I saw this but not sure how to extend it to 3D.

Also not sure how do I even begin to evaluate the fitted density? How do I visualize this?

Asked By: akhil

||

Answers:

There are several ways you might visualize the results in 3D.

The easiest is to evaluate the gaussian KDE at the points that you used to generate it, and then color the points by the density estimate.

For example:

import numpy as np
from scipy import stats
import matplotlib.pyplot as plt
from mpl_toolkits.mplot3d import Axes3D

mu=np.array([1,10,20])
sigma=np.matrix([[4,10,0],[10,25,0],[0,0,100]])
data=np.random.multivariate_normal(mu,sigma,1000)
values = data.T

kde = stats.gaussian_kde(values)
density = kde(values)

fig, ax = plt.subplots(subplot_kw=dict(projection='3d'))
x, y, z = values
ax.scatter(x, y, z, c=density)
plt.show()

enter image description here

If you had a more complex (i.e. not all lying in a plane) distribution, then you might want to evaluate the KDE on a regular 3D grid and visualize isosurfaces (3D contours) of the volume. It’s easiest to use Mayavi for the visualiztion:

import numpy as np
from scipy import stats
from mayavi import mlab

mu=np.array([1,10,20])
# Let's change this so that the points won't all lie in a plane...
sigma=np.matrix([[20,10,10],
                 [10,25,1],
                 [10,1,50]])

data=np.random.multivariate_normal(mu,sigma,1000)
values = data.T

kde = stats.gaussian_kde(values)

# Create a regular 3D grid with 50 points in each dimension
xmin, ymin, zmin = data.min(axis=0)
xmax, ymax, zmax = data.max(axis=0)
xi, yi, zi = np.mgrid[xmin:xmax:50j, ymin:ymax:50j, zmin:zmax:50j]

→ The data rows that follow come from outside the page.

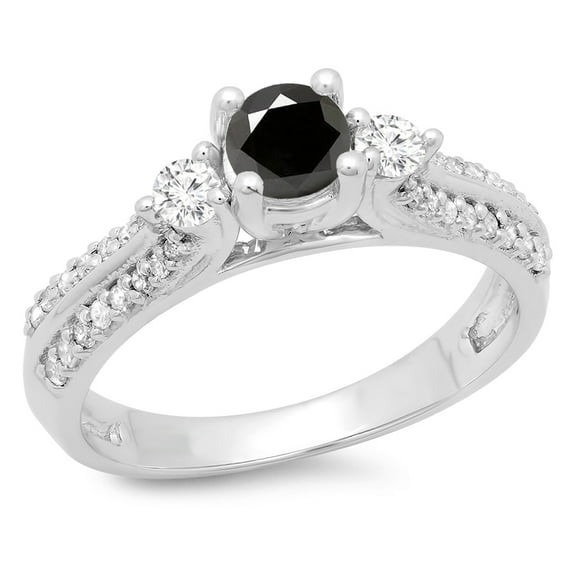 Dazzlingrock Collection 0.75 Carat (ctw) 14K Black & White Diamond Bridal 3 Stone Engagement Ring 3/4 CT, White Gold, Size 9.5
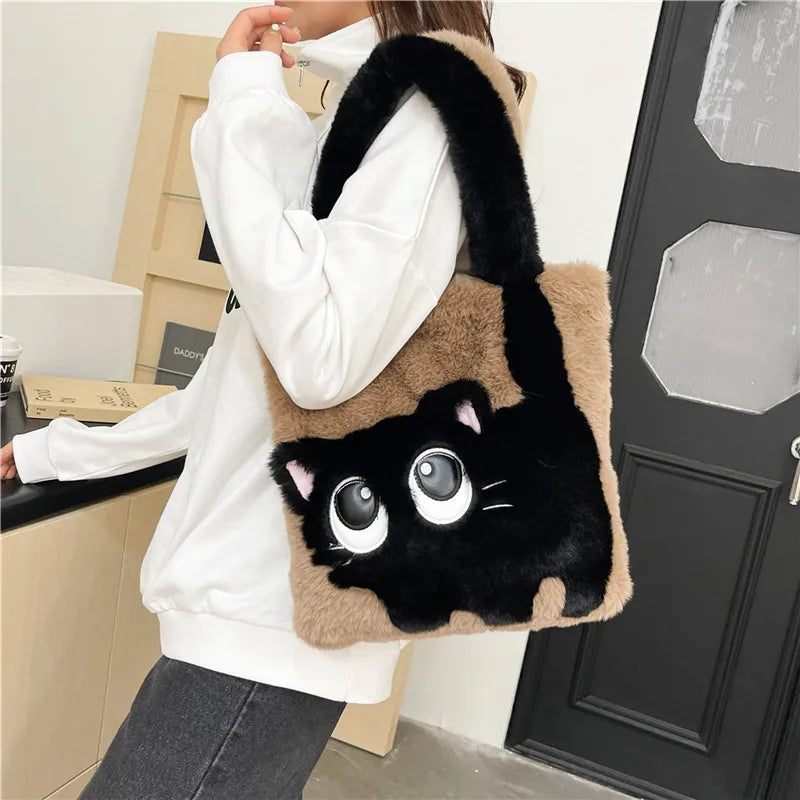 Cute Cat Shoulder Plush Bag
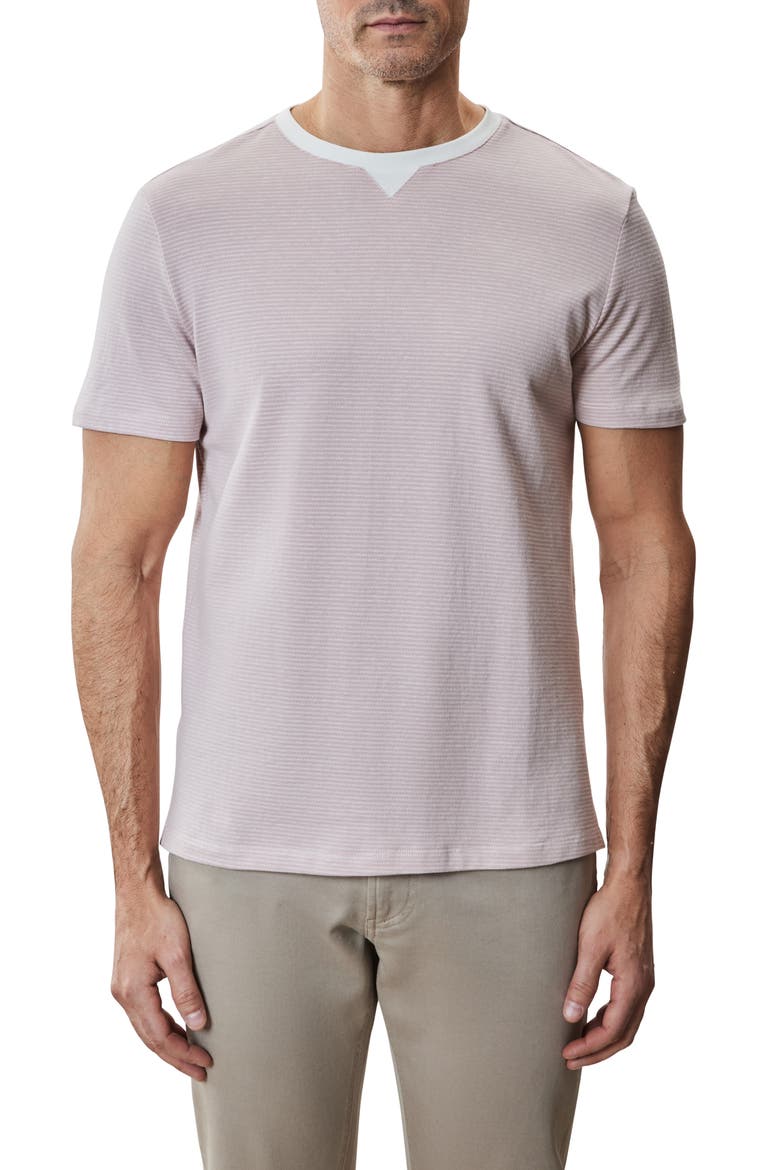 Fitch Feeder Stripe Rib Trim T-Shirt, Main, color, CORAL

# Evaluate the KDE on a regular grid...
coords = np.vstack([item.ravel() for item in [xi, yi, zi]])
density = kde(coords).reshape(xi.shape)

# Visualize the density estimate as isosurfaces
mlab.contour3d(xi, yi, zi, density, opacity=0.5)
mlab.axes()
mlab.show()

enter image description here

Answered By: Joe Kington

@Joe answer is great. But the covariance matrix sigma=np.matrix([[4,10,0],[10,25,0],[0,0,100]]) he gave is not positive definite, and therefore numpy in python can not do cholesky decomposition for it.

In fact, the covariance matrix must be positive semi-definite because the variance is nonnegative forever. Users could trysigma=np.matrix([[4,0,0],[0,25,0],[0,0,100]]) instead.

Answered By: Pat_Guangtailang